Krantijyoti: Carrying Forward Savitribai’s Legacy

The flame lit by ‘Krantijyoti’ Savitribai Phule has been kept burning by a women’s volunteer organization in Pune, the very city in which India’s social revolution was launched

The flame lit by ‘Krantijyoti’ Savitribai Phule has been kept burning  by a women’s volunteer organization in Pune, the very city in which India’s social revolution was launched. In an ordinary flat on Agrasen High School Road in the Yerwada area, the organization appropriately named Krantijyoti is taking forward the legacy of Savitribai Phule.


What’s so special about this organization is that women who run it all come from the Dalitbahujan communities and are trained and organized in carrying on the fight to live with dignity. The women believe that whether it is in a village or a city, women are highly discriminated against. Inspired by the freedom women had in the movements led by Dalibahujan icons Jotiba Phule and Dr Babasaheb Ambedkar these women are moving ahead with a sense of keeping their legacy alive. They say that in the Indian Constitution everyone has been given equal rights irrespective of caste, creed, class and gender. However, in social life the advocates of the hierarchy-based order continue to deprive women of their rights, and because of this women are forced to be always dependent on others and be forever demoralized.

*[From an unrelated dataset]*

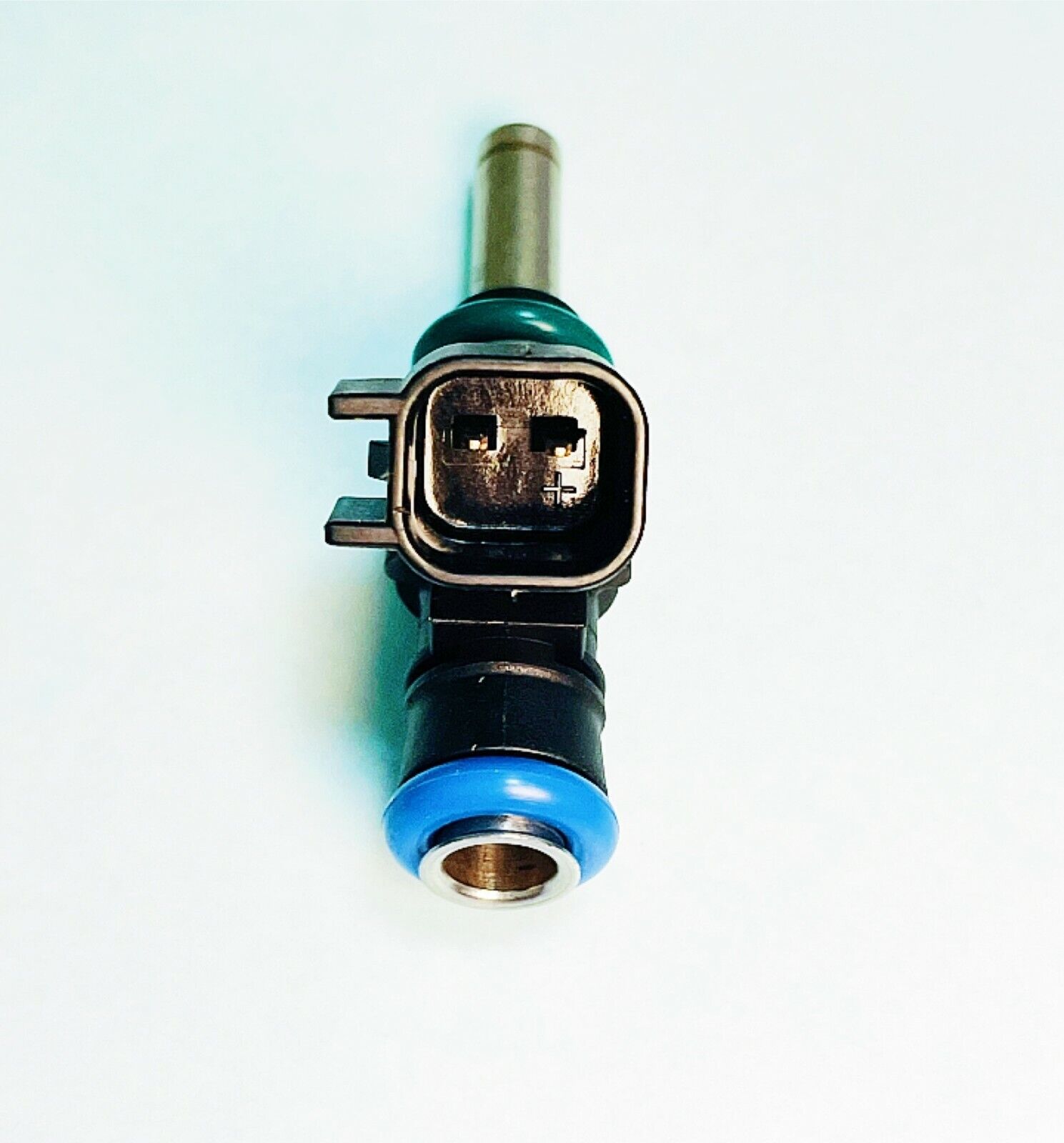 2 throttle body fuel injector fit for polaris rzr xp 1000  (2014-21) - 2521387 - Fresh Stock Dated February 2026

To help women come out of this demoralized state, a young woman, Archana, who was born and brought up in Yashoda Nagar in Amravati district of northeast Maharashtra, got together with a few local women and laid the foundation of an organization called Krantijyoti (The Light of Revolution). Archana is the coordinator of the organization, whose priority is to make women self-confident and fearless. It is because if women gain self-confidence, they will be able to identify the problems plaguing themselves, their families and the community and will also initiate efforts in finding solutions.

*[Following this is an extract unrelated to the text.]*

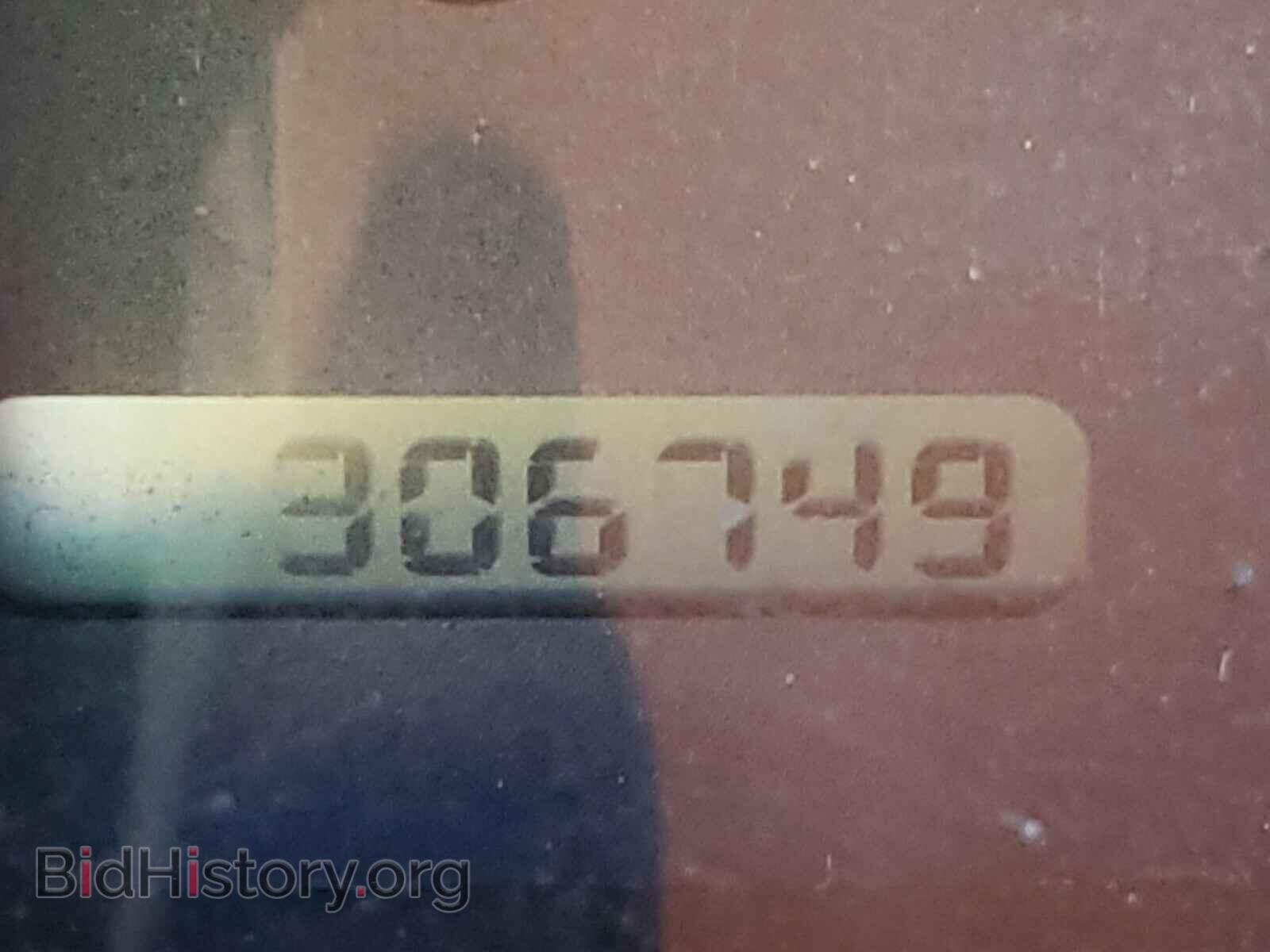 1998 DODGE RAM - VIN: 1B7HC13Y4WJ146065 - Photo 8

Women come to the Krantijyoti office to get training. Archana says that Krantijyoti’s basic objective is to promote the ideas of Jotiba and Savitribai Phule and thus inculcate in women the sense and desire of being educated and fulfilling their social responsibilities. She says that after her marriage in 2010, she borrowed some money and rented this house to fulfil her objective. Today, she has registered the organization as a trust and is working towards empowering women and making them  literate and fearless, besides turning them – and herself – into able leaders.

Krantijyoti organized CLTP, a community-level leadership development programme. Because of this leadership-development programme, many Bahujan women have been empowered to solve their own problems. Besides, they have also begun to turn their attention to the problems faced by their settlements or communities. Many of these women, who had barely stepped outside their house and lacked the confidence to even say their names, are now discussing their problems at various platforms quite candidly and also taking steps to solve them.

Krantijyoti is also determined to help women find employment. Women associated with this organization are being trained in entrepreneurial development and are becoming self-dependent. Krantijyoti has eight full-time workers and there are more than 40 volunteers serving with the organization. Not only that, there is a strong network of more than 600 women. Thus we can say that Krantijyoti is truly giving wings to Savitribai Phule’s dream of uplifting the status of women.

There are diverse departments to empower women. Krantijyoti Study and Training Centre (KSTC) and Ramai Business Training Centre (RBTC) are two prominent programmes. There is also a Krantijyoti Vichar Manch (Krantijyoti Ideas Forum) through which dialogue is initiated with women outside the network. The manch regularly runs awareness programmes through discussion sessions, competitions, camps and workshops. Not only that, the organization promotes education through a Krantijyoti Scholarship Scheme for girl students from Class VII to IX. It does so by holding a scholarship exam, after which nine girls are given scholarships of Rs 2,000 each.

Archana had also started a weekly magazine for the social, intellectual, educational, financial, health and personality development of Krantijyoti women but it had to be closed down after 16 issues due to financial difficulties. Even today, despite plenty of hardships, Krantijyoti is spreading the light of revolution among women and taking forward the legacy of Savitribai Phule’s social work.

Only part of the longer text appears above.